DESCRIPTION OF THE TASK ::
Pull out each line of the records holding the string "مالتهة".

• • • •

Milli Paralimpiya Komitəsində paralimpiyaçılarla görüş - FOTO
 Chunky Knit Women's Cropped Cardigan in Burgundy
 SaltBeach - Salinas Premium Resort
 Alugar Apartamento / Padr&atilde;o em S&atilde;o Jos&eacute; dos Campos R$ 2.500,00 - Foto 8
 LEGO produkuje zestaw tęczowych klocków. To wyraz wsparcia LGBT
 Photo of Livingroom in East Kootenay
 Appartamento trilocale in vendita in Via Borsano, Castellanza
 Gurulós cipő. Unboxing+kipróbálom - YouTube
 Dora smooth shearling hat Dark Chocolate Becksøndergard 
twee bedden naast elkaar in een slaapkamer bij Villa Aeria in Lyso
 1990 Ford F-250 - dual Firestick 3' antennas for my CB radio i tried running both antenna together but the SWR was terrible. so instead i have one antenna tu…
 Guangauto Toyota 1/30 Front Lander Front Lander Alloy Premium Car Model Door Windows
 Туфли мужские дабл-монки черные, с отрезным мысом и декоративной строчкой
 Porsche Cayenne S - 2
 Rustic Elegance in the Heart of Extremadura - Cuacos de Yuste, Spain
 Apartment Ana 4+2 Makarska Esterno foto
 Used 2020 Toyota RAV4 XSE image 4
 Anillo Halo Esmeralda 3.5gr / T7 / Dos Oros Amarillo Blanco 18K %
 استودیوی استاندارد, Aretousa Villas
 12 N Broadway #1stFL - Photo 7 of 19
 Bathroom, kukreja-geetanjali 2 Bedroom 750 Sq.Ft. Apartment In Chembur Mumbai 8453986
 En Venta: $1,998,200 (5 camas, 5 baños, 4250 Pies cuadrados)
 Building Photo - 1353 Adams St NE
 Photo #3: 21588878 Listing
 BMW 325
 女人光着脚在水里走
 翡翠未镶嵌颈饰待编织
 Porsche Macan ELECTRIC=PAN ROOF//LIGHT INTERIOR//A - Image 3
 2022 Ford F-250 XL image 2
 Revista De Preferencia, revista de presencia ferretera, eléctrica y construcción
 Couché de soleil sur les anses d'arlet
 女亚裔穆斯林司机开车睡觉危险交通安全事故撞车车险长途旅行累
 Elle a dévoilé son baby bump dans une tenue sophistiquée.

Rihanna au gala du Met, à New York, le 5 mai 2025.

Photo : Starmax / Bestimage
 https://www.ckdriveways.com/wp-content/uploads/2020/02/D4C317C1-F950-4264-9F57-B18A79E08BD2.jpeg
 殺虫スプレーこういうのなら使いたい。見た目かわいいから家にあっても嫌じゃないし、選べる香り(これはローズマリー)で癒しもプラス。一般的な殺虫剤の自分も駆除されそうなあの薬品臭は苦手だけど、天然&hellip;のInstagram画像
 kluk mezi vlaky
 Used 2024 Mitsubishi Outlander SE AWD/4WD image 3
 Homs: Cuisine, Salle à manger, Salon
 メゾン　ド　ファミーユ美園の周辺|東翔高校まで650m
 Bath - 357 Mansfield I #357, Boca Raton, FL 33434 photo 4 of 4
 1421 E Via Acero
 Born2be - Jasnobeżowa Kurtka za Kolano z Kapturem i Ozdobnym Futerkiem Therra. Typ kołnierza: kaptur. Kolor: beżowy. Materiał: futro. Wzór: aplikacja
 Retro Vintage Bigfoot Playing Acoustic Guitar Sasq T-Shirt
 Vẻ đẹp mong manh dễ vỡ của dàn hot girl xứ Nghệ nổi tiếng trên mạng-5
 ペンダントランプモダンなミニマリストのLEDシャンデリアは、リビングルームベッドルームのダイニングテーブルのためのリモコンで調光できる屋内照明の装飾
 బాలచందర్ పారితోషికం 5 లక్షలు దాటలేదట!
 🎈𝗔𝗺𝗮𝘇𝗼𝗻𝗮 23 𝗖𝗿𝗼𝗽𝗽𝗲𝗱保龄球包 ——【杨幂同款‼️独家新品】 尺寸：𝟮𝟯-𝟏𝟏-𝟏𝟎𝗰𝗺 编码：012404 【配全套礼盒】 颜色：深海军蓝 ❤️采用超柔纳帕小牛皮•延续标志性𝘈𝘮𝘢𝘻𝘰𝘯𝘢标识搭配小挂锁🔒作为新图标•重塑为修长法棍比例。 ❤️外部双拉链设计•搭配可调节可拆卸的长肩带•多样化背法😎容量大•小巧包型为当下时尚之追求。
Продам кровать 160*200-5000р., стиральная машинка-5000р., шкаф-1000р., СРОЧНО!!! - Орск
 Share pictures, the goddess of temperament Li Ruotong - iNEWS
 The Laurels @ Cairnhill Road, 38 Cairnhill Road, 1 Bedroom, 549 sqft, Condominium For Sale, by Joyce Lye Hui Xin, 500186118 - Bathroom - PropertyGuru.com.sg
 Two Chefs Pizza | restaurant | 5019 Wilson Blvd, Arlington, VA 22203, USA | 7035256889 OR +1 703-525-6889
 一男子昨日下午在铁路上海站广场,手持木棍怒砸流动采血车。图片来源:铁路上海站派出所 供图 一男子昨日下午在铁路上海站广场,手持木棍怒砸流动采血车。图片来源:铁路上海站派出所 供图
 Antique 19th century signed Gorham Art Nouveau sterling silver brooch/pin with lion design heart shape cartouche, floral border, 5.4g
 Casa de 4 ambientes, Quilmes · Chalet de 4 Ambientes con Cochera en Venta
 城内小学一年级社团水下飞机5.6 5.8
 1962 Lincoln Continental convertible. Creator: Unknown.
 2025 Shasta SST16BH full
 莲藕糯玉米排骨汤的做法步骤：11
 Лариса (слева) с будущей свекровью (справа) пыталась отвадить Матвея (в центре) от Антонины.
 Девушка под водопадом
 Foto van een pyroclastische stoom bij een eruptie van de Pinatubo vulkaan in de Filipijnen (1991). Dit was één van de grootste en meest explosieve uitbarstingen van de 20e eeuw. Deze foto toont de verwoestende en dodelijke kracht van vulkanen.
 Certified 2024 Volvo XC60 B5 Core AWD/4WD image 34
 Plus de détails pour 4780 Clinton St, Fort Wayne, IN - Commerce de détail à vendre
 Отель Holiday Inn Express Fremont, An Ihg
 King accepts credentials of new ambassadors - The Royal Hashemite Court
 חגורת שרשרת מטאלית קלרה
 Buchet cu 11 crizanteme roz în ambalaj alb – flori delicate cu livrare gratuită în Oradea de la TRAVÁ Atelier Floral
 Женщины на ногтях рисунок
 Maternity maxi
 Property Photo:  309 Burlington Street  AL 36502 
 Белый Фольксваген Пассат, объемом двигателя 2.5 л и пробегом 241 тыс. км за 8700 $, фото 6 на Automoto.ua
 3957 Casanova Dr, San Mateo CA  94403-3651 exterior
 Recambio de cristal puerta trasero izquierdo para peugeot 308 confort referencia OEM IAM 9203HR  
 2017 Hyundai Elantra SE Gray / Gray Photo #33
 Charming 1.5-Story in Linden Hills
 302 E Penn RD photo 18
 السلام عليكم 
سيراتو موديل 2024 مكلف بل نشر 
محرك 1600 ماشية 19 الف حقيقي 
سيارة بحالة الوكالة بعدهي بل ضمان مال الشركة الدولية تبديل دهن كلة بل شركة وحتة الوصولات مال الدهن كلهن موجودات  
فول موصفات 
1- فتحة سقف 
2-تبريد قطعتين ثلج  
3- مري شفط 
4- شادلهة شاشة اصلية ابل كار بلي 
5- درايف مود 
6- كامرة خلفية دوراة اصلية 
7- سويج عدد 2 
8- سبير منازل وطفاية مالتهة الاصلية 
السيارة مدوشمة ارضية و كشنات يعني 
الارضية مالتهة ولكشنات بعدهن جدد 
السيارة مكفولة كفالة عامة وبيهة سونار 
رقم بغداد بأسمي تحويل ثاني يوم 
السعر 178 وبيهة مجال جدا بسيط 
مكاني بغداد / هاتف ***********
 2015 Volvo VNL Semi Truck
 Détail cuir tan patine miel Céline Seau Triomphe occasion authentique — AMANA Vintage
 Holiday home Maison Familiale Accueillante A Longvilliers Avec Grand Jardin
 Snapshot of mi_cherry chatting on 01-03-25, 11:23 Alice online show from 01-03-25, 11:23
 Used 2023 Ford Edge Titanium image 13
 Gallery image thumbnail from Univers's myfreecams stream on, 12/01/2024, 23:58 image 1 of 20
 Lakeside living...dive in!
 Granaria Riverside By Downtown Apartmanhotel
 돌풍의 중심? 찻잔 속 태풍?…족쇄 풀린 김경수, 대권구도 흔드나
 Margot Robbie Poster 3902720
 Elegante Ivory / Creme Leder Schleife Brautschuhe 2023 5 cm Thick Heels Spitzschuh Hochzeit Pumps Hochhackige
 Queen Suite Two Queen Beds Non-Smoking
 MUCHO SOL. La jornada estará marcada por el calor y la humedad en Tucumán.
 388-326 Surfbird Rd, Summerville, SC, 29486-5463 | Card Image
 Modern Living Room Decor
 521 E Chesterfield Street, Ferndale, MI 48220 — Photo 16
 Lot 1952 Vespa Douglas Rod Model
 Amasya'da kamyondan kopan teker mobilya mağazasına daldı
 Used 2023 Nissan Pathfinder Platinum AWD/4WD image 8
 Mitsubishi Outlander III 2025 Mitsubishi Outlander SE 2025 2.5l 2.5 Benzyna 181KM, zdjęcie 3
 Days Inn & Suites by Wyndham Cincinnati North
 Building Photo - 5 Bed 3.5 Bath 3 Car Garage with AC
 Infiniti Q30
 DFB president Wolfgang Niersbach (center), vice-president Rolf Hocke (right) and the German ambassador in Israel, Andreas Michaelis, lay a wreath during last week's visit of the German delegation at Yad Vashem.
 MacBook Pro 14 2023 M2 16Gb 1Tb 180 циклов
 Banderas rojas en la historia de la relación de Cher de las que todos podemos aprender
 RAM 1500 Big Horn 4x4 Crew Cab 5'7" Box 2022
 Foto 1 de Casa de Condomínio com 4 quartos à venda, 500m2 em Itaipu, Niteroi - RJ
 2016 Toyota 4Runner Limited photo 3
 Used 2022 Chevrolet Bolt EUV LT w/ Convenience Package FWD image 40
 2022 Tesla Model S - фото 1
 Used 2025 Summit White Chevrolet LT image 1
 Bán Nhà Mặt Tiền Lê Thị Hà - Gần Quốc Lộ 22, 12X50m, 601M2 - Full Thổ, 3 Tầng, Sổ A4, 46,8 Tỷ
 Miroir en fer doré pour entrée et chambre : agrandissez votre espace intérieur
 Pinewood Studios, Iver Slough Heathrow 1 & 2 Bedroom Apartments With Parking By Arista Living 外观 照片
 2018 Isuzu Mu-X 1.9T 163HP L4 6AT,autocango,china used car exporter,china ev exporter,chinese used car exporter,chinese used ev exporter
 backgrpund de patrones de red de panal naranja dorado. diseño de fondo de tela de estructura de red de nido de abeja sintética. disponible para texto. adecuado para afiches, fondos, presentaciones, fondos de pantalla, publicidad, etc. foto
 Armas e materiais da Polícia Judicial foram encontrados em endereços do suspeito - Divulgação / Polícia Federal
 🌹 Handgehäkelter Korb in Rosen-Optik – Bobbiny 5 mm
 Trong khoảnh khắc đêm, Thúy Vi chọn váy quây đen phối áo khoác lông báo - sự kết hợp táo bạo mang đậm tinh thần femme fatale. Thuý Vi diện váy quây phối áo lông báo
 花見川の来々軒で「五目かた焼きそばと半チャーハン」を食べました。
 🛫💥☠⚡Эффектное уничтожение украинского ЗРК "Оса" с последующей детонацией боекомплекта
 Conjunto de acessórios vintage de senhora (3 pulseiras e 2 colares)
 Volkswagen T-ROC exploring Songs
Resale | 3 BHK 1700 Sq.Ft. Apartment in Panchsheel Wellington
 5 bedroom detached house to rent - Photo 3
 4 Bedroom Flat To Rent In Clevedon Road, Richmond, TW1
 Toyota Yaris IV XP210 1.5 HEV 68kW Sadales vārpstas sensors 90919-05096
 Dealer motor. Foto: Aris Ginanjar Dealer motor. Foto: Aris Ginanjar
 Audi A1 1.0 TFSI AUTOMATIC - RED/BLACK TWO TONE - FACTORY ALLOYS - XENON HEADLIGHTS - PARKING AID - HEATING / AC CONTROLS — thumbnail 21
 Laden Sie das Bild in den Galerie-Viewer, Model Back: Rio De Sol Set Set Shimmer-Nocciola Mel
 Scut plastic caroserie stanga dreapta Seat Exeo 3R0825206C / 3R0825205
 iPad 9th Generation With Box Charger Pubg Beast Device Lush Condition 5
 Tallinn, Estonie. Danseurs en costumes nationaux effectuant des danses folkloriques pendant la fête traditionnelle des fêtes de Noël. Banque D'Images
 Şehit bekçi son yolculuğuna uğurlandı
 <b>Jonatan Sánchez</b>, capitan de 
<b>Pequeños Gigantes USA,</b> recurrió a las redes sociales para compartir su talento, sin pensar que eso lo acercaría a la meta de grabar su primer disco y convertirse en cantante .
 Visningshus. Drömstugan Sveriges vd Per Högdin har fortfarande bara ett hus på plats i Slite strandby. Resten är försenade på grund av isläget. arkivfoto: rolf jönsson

• • • •

RESPONSE BELOW ::
8- سبير منازل وطفاية مالتهة الاصلية 
الارضية مالتهة ولكشنات بعدهن جدد 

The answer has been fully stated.